Geschäfte laufen auf Hochtouren

Junger Gebrauchtmaschinenhandel profitiert von hoher Nachfrage – Social Media bewährt sich als wichtiger Vertriebskanal – Gute Gebrauchttechnik bleibt gefragt – Osteuropäische Länder wieder im Kommen

FOKUS GEBRAUCHTE – Agrinuba: Geschäfte laufen auf Hochtouren

Vorfreude aufs große Fest: Einige Maschinen sind bereits weihnachtlich dekoriert.

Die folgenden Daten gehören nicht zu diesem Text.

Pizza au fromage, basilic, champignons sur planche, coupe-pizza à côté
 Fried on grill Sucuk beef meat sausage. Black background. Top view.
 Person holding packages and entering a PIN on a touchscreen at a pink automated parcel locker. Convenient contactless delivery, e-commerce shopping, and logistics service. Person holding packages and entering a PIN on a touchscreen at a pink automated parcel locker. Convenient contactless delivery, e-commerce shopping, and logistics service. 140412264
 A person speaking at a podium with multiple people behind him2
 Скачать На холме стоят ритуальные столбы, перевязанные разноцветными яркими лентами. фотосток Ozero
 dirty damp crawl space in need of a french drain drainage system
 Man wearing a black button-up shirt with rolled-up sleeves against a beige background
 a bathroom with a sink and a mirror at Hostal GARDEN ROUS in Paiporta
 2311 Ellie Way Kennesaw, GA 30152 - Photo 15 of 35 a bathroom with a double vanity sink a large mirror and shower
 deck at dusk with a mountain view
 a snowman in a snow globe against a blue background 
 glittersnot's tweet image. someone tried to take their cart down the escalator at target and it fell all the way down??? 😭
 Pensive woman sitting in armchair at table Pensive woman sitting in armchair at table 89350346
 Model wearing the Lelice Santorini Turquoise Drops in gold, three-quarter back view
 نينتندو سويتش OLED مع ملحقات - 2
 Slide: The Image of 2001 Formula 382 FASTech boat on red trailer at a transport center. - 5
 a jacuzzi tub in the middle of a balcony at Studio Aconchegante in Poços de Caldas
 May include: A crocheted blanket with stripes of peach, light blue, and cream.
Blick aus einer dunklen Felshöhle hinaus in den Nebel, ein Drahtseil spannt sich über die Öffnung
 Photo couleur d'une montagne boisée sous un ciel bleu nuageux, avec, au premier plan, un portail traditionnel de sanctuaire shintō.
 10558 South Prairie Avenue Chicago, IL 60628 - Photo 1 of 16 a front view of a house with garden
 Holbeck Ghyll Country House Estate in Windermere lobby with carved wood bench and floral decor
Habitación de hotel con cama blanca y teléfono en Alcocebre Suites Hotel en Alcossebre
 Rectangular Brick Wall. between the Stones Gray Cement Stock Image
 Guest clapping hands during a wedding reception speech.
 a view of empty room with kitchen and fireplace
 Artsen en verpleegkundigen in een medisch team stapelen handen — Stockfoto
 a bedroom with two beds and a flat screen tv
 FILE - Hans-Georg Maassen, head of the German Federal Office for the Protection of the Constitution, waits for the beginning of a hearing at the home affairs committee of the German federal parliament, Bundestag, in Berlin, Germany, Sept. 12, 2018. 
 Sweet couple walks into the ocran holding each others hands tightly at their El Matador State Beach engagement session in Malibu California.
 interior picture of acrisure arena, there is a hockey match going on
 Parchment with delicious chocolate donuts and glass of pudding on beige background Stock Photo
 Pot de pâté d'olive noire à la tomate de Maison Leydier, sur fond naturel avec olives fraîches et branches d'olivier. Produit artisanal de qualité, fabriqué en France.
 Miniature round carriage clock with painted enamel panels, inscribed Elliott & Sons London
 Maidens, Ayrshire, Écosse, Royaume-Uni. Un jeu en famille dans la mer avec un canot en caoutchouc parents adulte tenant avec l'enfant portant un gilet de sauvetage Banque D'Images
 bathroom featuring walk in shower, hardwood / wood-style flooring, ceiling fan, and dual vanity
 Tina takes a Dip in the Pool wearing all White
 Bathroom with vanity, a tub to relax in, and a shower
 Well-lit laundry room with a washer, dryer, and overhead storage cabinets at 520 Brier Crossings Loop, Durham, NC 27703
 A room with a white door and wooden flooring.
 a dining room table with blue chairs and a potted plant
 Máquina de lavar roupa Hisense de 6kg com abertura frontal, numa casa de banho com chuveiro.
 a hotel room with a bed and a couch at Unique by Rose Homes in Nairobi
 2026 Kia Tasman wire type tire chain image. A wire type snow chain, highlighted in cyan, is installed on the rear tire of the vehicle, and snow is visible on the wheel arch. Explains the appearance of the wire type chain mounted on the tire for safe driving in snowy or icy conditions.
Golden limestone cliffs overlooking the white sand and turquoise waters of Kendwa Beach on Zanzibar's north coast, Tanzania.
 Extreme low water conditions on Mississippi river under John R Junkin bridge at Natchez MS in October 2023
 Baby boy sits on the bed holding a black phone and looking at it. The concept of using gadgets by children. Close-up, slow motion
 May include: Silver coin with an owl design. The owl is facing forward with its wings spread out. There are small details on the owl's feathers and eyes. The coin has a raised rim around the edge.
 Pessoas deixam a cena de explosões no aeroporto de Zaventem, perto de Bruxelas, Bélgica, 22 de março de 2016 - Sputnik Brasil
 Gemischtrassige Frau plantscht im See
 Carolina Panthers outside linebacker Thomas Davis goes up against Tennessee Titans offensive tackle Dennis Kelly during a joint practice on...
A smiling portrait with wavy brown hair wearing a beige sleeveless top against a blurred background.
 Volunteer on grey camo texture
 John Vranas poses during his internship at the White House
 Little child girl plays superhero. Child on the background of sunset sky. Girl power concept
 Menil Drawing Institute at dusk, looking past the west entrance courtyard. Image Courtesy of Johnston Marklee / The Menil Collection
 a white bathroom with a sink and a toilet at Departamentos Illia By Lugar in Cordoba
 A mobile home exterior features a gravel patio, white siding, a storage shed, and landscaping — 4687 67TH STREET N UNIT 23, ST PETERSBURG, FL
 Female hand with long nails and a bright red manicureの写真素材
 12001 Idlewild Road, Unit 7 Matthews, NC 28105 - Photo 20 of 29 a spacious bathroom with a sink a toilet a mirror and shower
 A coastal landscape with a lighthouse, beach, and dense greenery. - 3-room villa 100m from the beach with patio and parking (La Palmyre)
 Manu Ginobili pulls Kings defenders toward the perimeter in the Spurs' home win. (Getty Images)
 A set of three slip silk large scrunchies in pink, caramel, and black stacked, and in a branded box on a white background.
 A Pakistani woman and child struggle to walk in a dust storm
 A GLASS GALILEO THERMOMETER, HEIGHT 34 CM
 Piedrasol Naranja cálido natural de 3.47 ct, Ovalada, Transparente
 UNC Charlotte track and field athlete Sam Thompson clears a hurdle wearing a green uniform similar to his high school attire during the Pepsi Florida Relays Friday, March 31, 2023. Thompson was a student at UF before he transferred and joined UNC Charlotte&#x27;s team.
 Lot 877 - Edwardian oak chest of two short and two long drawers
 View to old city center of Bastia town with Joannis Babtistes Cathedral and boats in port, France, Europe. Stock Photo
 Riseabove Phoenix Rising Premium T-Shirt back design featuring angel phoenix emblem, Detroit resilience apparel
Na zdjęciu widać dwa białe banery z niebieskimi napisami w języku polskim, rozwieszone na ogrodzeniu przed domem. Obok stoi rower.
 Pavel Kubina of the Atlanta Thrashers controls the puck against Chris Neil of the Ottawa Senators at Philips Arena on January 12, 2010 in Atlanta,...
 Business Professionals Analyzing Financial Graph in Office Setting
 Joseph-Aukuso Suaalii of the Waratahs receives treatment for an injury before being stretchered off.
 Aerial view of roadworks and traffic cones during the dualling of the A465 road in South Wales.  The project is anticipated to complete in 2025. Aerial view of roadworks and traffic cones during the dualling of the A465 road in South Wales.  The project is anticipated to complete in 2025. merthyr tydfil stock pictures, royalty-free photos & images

FOKUS GEBRAUCHTE – Agrinuba: Geschäfte laufen auf Hochtouren

Alexander Mertens hat sich mit einem Gebrauchtmaschinenhandel selbstständig gemacht.

„Bin grad im Urlaub“, spricht Alexander Mertens in sein Smartphone, „aber in der nächsten Woche können wir uns gerne unterhalten.“ Auch wenn er eigentlich immer telefonisch erreichbar ist, weiß der 34-jährige Jungunternehmer durchaus Phasen der Erholung zu schätzen. Vor etwas mehr als zwei Jahren hat er sich selbstständig gemacht – mit einem Gebrauchtmaschinenhandel im brandenburgischen Prenzlau. Insbesondere in den ersten Monaten der Gründungsphase bedeutete das sehr viel Arbeit. Und noch immer sind die Arbeitstage auch mal 16 Stunden lang. „Wir sind 24/7 erreichbar“, kommentiert Mertens mit einem Lachen. Es macht ihm aber nichts aus, denn er ist mit Leib und Seele Unternehmer. Dennoch gönnt sich der junge Mann zwei bis drei Male im Jahr eine kleine Auszeit mit seiner jungen Familie. „Das muss sein, denn es macht den Kopf frei für neue Ideen und Projekte“, ist Mertens überzeugt.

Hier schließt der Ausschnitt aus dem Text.